Лето 1905 года Андреев жил в Финляндии, в местечке Ваммельсу, в семи верстах от станции Райвола, где впоследствии построил собственную дачу и жил в ней безвыездно несколько лет.
В воздухе веяло революцией.
Андреев ходил тогда в поддевке, высоких сапогах и красной рубашке. В этом костюме он и позировал Репину, написавшему с него известный портрет.
Андреев хотя и был, как все, захвачен революционным настроением, но поговаривал, что собирается на зиму за границу, чтобы не видеть «всего этого», что, по его мнению, нам предстояло увидеть.
Действительно, в конце лета он как-то незаметно вполне легально уехал в Берлин вместе с женой.
Во время революции 1905 года это чуть ли не единственный писатель, «бежавший от революции».
Ужасы не замедлили своим пришествием. Первая Дума была разогнана, виднейшие члены ее бежали, вышел царский манифест, после которого начались всероссийские погромы под руководством «Союза русского народа».
Еще до разгона Думы мне пришлось уехать из Петербурга в Крым. Обстоятельства задержали меня там надолго. Только из газет узнал я о скоропостижной смерти жены Андреева, Александры Михайловны. Она умерла а Берлине, после родов, от заражения крови. Тело ее привезли в Москву и похоронили на Ваганьковском кладбище.
Андреев не сопровождал ее гроба; он еще на некоторое время остался за границей, поехал искать душевной поддержки к другу своему, Горькому, на Капри.
Все пять лет счастливой семейной жизни с Александрой Михайловной Андреев, верный раз принятому решению, не прикасался к рюмке.

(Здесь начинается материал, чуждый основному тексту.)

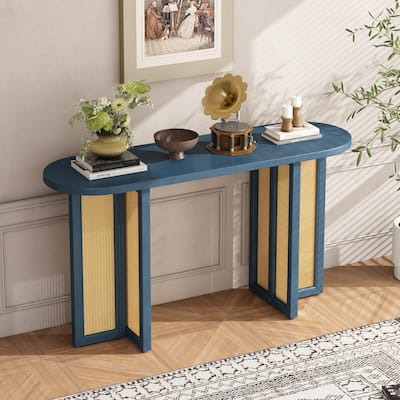 Farmhouse Rattan Console Table Entryway Table,Navy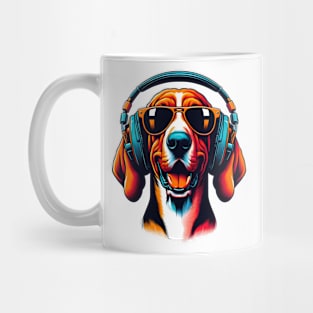 Smiling Redbone Coonhound DJ in Japanese Art Fusion Mug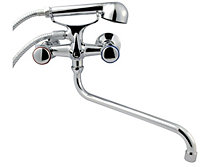 Invena Chrome Round Tap Head Bath Filler Shower Mixer Wall Mounted 'S' Type 30cm Spout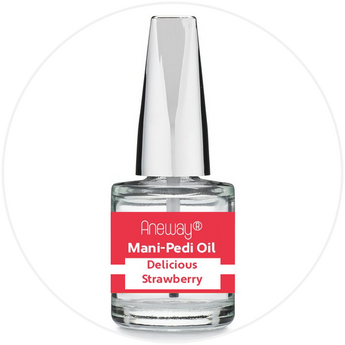 Mani + Pedi™ CUTICLE OIL - infused with *Delicious Strawberry (EO) - 1/3 FL. OZ.  (Full-Size) Glass Bottle (Brush-On) - Never Sticky or Greasy!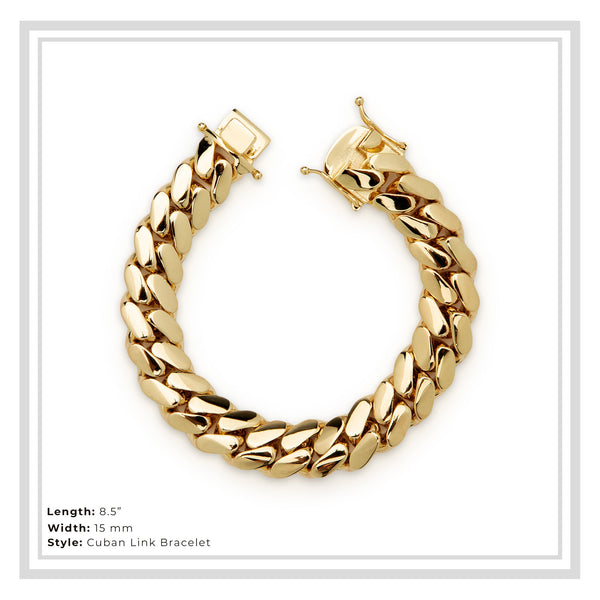 π Miami Cuban Link Bracelet 14K Gold Premium Plated 15mm Men Jewelry 8.5 inch (100% off)
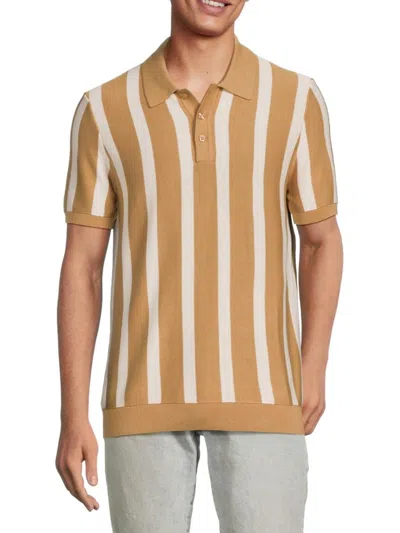 Saks Fifth Avenue Men's Striped Sweater Polo In Tan White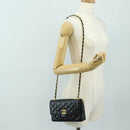 CHANEL Chain Matelasse Shoulder Bag Lamb Skin Black Gold CC Auth 187203SAV-27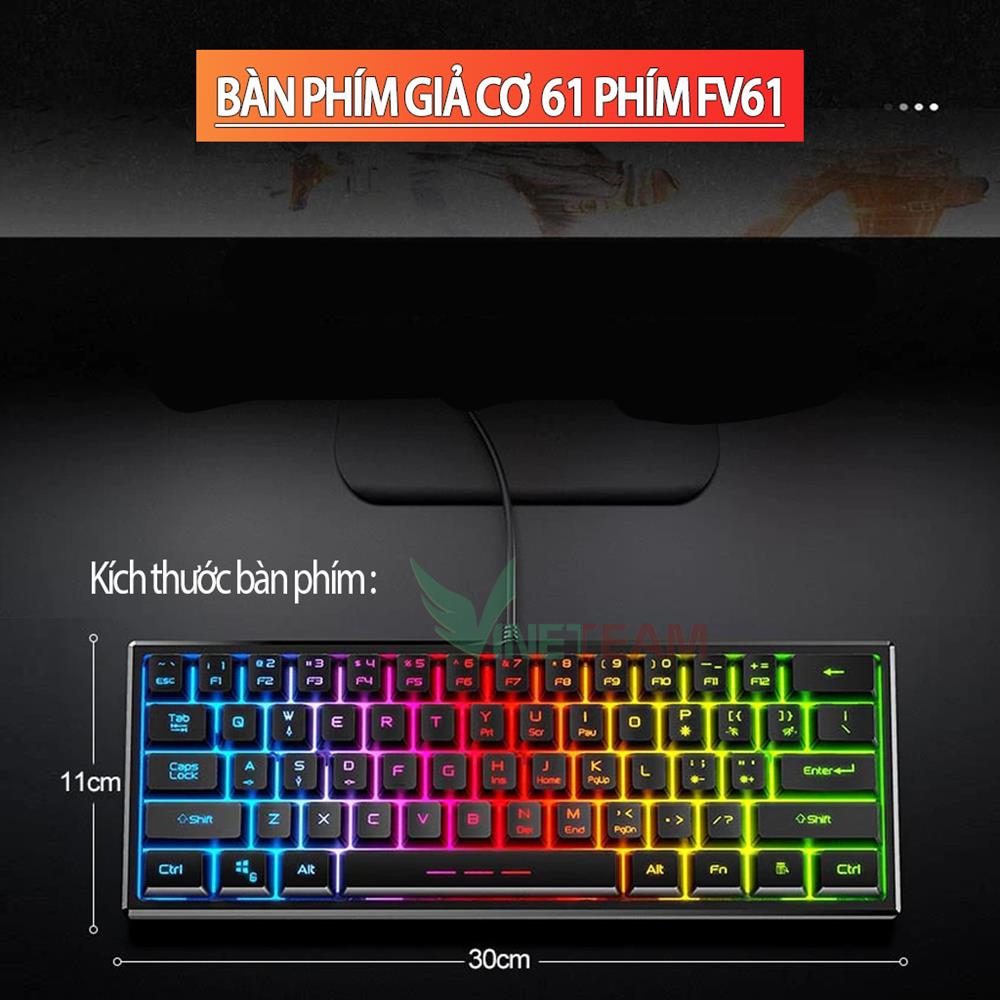 Bàn Phím Chơi Game Mini 61 Phím Nhỏ Gọn Led Rainbow Đổi Màu Với 3 Chế Độ Led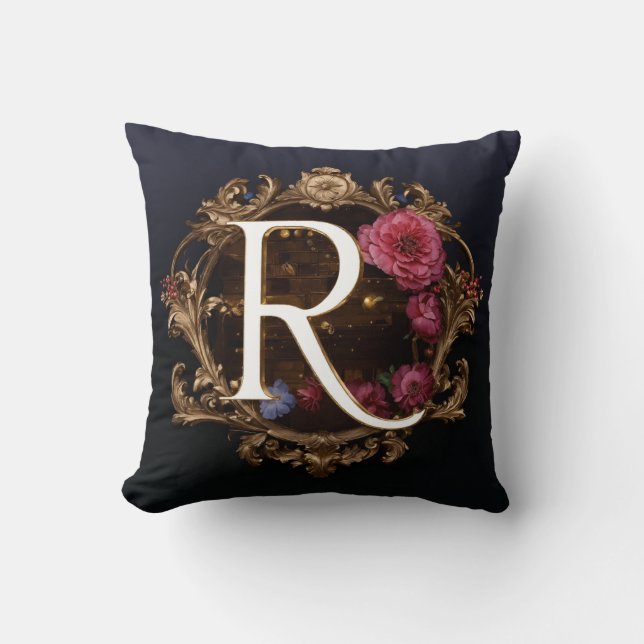 Gestileerde letters 'R' Kussen (Voorkant)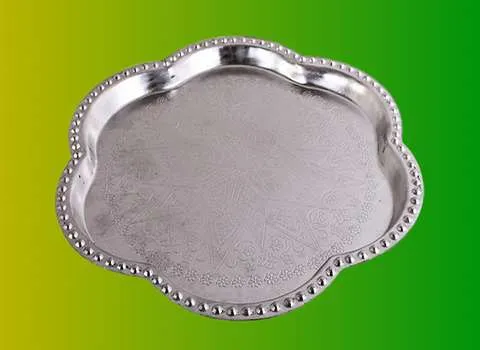 سینی مسی قطر 40؛ قلم زنی چکش کاری مناسب پذیرایی مجلس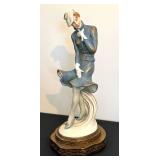 DR - Vintage Porcelain Art Deco Figurine 12in Tall - Woman in Blue Coat on Ornate Base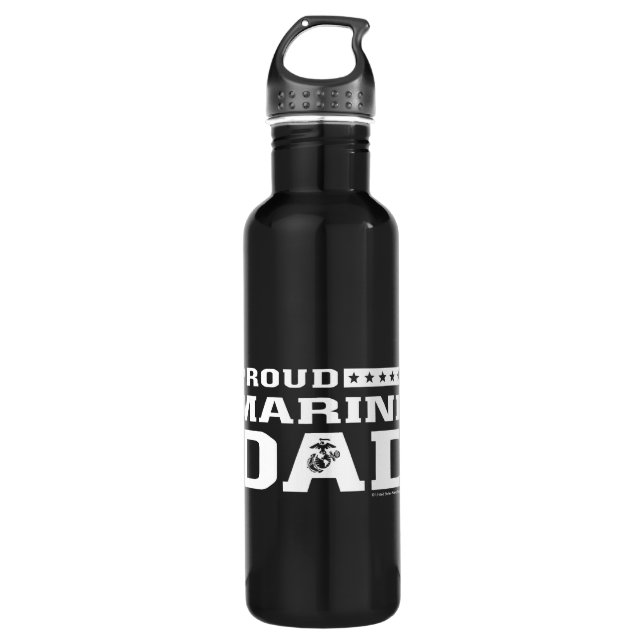 Proud Marine Dad - White 710 Ml Water Bottle (Front)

Светлая любовь горячо любимой женщины оберегала его: возлюбленная и любящая, она словно обвела вокруг себя с ним вместе заклятый круг, и «черные маски» не смели переступить за черту его.
Но не стало ее, и мрачный дух, с которым он всю жизнь свою боролся, снова овладел ослабевшей душой.
Андреев тяжко запил.
И все-таки, пережив тяжелый удар судьбы, он усилием воли взял себя в руки и там же, на Капри, написал два прекрасных рассказа: «Проклятие зверя», посвященный памяти А. М., проникнутый чувством глубокой любви, и нашумевший тогда рассказ «Иуда Искариот».